Journal of Virology ◽

10.1128/jvi.76.13.6510-6517.2002 ◽

2002 ◽

Vol 76 (13) ◽

pp. 6510-6517 ◽

Cited By ~ 33

Author(s):

Sophie Le Pogam ◽

Chiaho Shih

Keyword(s):

Hepatitis B Virus ◽

Hepatitis B ◽

Core Protein ◽

Wild Type ◽

The Core ◽

Virion Release ◽

Naturally Occurring ◽

B Virus ◽

Kinetics Of ◽

Viral Reverse Transcription

ABSTRACT Virion release of hepatitis B virus (HBV) from hepatocytes is a tightly regulated event. It is a dogma that only the mature HBV genome is preferentially allowed to export from the intracellular compartment (J. Summers and W. S. Mason, Cell 29:403-415, 1982). Recently, an “immature secretion” phenotype of a highly frequent naturally occurring HBV variant containing a leucine residue at amino acid 97 of the core protein was identified. Unlike wild-type HBV, this variant secretes almost equal amounts of mature and immature genomes. This phenomenon is not caused by any instability of core particles or by any deficiency in viral reverse transcription (T. T. Yuan, P. C. Tai, and C. Shih, J. Virol. 73:10122-10128, 1999). In this study, our kinetic analysis of virion secretion of the mutant F97L (phenylalanine to leucine) indicates that the secretion of its immature genome does not occur earlier than that of its mature genome. In addition, the secretion kinetics of the mature genomes are comparable between the wild-type HBV and the mutant F97L. Therefore, the immature secretion phenomenon of mutant F97L is not caused by premature secretion or more efficient secretion.

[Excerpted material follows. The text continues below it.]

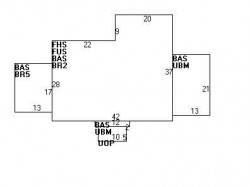 449 Commonwealth Ave, Newton MA  02459-1302 floor plan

Previously, we hypothesized that the immature secretion phenotype is probably caused by the aberrant interaction between its mutant core and wild-type envelope proteins. Here, we further demonstrated that a pre-S1 envelope mutation at position 119, changing an alanine (A) to a phenylalanine (F), can offset the immature secretion phenotype of the mutant I97L (isoleucine to leucine) and successfully restore the wild-type-like selective export of the mature genome of the double mutant pre-S1-A119F/core-I97L.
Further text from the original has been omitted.